TASK DIRECTIONS:
Every line of the entries below that carries the string "White" should be copied.

EXCERPTED DATA:
=== Begin Enclosure ===

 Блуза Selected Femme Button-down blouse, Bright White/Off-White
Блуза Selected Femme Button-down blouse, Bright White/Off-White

=== End Enclosure ===
=== Begin Enclosure ===

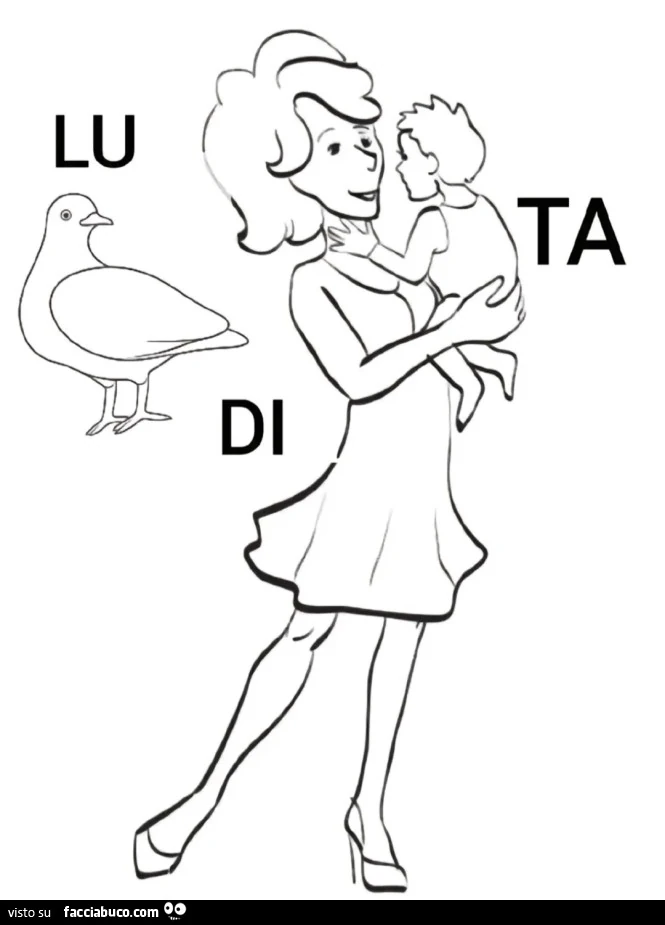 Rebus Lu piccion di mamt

=== End Enclosure ===
=== Begin Enclosure ===

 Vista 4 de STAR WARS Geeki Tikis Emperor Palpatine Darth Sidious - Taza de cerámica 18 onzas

=== End Enclosure ===

SOLUTION:
 Блуза Selected Femme Button-down blouse, Bright White/Off-White
Блуза Selected Femme Button-down blouse, Bright White/Off-White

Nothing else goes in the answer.